RAJASEKHAR BALASUBRAMANIAN, Raghu Betha, Sailesh Behera, National University of Singapore

     Abstract Number: 6
     Working Group: Biomass Burning Aerosol: From Emissions to Impacts

Abstract
Occurrence of biomass burning-induced smoke haze has become an annual phenomenon in tropical South East Asia (SEA) over the past several decades, but with different duration, intensity and impacts depending on prevailing weather conditions. Uncontrolled forest and peat land fires resulting from land clearing activities in Indonesia release large amounts of airborne particulate matter (PM) with unique chemical composition into the atmosphere. The resultant PM emissions from these wild fires are transported by trans-boundary winds and transformed into regional haze episodes affecting several countries in SEA, most notably, Singapore, Malaysia, Indonesia and Thailand.
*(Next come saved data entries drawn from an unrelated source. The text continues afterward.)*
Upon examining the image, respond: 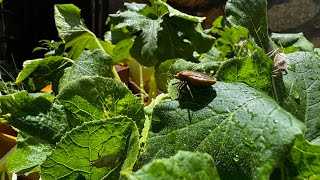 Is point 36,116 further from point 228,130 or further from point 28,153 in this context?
point 228,130

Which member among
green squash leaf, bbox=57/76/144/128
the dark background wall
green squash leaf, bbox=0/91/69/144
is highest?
green squash leaf, bbox=57/76/144/128

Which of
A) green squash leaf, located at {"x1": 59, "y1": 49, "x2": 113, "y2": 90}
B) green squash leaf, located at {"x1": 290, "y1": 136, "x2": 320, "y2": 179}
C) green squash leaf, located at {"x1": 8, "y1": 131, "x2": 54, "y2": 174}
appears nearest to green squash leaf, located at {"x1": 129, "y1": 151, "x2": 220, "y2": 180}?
green squash leaf, located at {"x1": 290, "y1": 136, "x2": 320, "y2": 179}

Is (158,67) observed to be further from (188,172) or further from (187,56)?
(188,172)

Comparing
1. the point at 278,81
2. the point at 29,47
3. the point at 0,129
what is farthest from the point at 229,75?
the point at 29,47

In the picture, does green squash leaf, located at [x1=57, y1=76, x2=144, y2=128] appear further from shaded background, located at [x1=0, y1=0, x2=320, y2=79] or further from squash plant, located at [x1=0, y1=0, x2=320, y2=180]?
shaded background, located at [x1=0, y1=0, x2=320, y2=79]

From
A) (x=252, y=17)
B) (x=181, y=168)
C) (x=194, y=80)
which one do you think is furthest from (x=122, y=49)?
(x=181, y=168)

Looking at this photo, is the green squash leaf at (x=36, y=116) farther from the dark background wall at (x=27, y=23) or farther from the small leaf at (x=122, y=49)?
the dark background wall at (x=27, y=23) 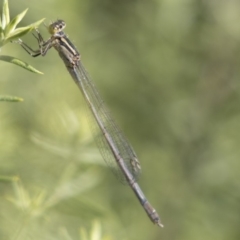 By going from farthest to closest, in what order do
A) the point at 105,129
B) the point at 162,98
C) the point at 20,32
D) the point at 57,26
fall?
the point at 162,98, the point at 105,129, the point at 57,26, the point at 20,32

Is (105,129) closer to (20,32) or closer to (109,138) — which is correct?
(109,138)

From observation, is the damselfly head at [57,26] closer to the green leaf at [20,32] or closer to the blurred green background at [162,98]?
the blurred green background at [162,98]

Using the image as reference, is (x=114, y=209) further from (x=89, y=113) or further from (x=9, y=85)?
(x=9, y=85)

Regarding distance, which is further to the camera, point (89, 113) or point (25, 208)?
point (89, 113)

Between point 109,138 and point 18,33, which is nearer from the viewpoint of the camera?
point 18,33

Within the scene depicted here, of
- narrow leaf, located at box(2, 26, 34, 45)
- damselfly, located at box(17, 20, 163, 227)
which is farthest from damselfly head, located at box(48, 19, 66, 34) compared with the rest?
narrow leaf, located at box(2, 26, 34, 45)

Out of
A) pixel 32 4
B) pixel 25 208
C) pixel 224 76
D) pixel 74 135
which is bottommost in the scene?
pixel 25 208

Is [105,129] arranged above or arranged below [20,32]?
above

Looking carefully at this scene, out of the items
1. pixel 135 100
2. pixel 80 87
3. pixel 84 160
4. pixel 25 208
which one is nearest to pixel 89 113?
pixel 80 87

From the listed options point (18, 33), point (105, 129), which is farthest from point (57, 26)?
point (18, 33)

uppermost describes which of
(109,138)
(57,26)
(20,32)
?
(57,26) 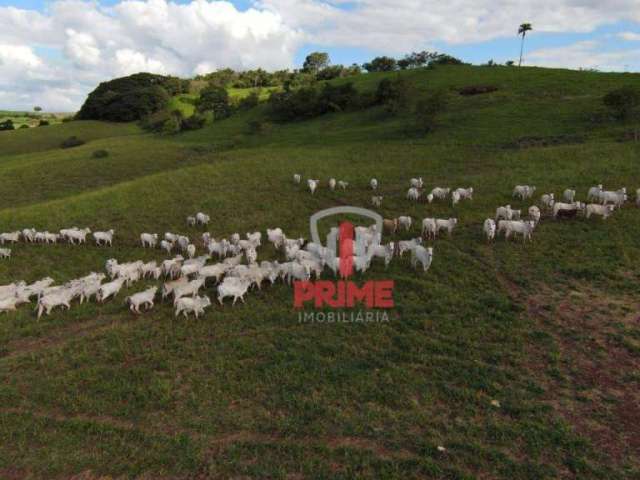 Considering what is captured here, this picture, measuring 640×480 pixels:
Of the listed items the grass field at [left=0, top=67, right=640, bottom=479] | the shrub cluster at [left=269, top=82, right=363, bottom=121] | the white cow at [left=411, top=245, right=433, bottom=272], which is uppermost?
the shrub cluster at [left=269, top=82, right=363, bottom=121]

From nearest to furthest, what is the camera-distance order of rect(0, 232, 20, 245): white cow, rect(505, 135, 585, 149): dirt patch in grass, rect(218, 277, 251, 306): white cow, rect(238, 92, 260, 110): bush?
1. rect(218, 277, 251, 306): white cow
2. rect(0, 232, 20, 245): white cow
3. rect(505, 135, 585, 149): dirt patch in grass
4. rect(238, 92, 260, 110): bush

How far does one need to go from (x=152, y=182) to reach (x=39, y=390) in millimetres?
26380

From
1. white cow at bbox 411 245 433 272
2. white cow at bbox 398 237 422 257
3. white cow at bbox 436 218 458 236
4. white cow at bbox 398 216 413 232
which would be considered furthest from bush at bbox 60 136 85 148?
white cow at bbox 411 245 433 272

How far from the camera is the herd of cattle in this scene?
16.7 metres

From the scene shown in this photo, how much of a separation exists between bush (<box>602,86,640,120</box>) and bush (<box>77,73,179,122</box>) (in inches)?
3469

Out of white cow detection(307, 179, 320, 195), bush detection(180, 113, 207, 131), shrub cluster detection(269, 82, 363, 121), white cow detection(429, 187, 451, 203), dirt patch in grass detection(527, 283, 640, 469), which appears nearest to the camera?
dirt patch in grass detection(527, 283, 640, 469)

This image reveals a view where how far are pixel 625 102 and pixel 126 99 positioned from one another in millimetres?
94961

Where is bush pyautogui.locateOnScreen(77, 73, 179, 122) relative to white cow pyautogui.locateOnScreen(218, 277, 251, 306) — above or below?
above

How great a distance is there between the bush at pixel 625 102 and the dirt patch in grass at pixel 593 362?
117 feet

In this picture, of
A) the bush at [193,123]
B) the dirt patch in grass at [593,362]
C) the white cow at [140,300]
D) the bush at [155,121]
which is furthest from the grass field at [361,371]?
the bush at [155,121]

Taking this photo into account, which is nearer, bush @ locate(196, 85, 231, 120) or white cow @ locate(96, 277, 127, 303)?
white cow @ locate(96, 277, 127, 303)

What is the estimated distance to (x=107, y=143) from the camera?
62.8m

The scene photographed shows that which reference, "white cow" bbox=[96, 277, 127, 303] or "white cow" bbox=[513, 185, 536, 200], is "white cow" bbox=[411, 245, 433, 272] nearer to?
"white cow" bbox=[513, 185, 536, 200]

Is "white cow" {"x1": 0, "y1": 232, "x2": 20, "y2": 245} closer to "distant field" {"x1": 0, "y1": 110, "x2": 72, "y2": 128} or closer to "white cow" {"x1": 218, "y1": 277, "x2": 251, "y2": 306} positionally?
"white cow" {"x1": 218, "y1": 277, "x2": 251, "y2": 306} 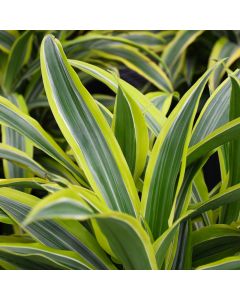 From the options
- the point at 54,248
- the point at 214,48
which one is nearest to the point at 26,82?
the point at 214,48

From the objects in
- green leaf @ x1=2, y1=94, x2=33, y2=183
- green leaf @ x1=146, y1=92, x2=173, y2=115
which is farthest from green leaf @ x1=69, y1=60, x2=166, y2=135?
green leaf @ x1=2, y1=94, x2=33, y2=183

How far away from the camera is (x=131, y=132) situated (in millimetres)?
818

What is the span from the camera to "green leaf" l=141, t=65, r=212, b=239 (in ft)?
2.44

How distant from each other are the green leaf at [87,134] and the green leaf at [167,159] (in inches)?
0.9

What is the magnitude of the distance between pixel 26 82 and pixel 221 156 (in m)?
0.78

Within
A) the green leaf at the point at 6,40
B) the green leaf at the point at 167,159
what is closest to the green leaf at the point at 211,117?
the green leaf at the point at 167,159

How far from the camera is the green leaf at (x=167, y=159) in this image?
0.74 m

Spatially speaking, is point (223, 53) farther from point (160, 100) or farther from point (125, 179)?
point (125, 179)

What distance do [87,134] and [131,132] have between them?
0.26 feet

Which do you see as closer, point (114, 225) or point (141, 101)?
point (114, 225)

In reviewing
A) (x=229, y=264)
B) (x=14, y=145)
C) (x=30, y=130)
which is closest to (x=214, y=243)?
(x=229, y=264)

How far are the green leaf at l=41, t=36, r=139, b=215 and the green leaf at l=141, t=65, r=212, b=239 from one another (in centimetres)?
2

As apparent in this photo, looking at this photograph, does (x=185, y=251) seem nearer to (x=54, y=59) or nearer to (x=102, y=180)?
(x=102, y=180)

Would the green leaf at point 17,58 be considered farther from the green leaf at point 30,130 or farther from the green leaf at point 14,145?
the green leaf at point 30,130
One of the worst haze episodes in the history of SEA occurred in June 2013. Size-segregated particulates (2.5 – 1.0 µm; 1.0 – 0.5 µm; 0.5 – 0.2 µm and < 0.2 µm) were collected during both hazy and non-hazy periods, and subjected to chemical fractionation of particulate-bound trace elements (B, Ca, K, Fe, Al, Ni, Zn, Mg, Se, Cu, Cr, As, Mn, Pb, Co, Cd). PM2.5 concentrations were elevated (up to 329 µg/m3) during the haze episode, compared to those during the non-haze period (11 – 21 µg/m3). There was a 10-fold increase in the concentration of K, an inorganic tracer of biomass burning. A major fraction (>60%) of the elements was present in oxidizable and residual fractions while the bio-available fraction accounted for up to 20% for most of the elements except K and Mn. Deposition of inhaled potentially toxic trace elements in various regions of the human respiratory system was estimated using a Multiple-Path Particle Dosimetry model. The particle depositions in the respiratory system tend to be more severe during hazy days than those during non-hazy days. A prolonged exposure to finer particles can cause adverse health outcomes during hazy days as revealed by quantified risk analysis.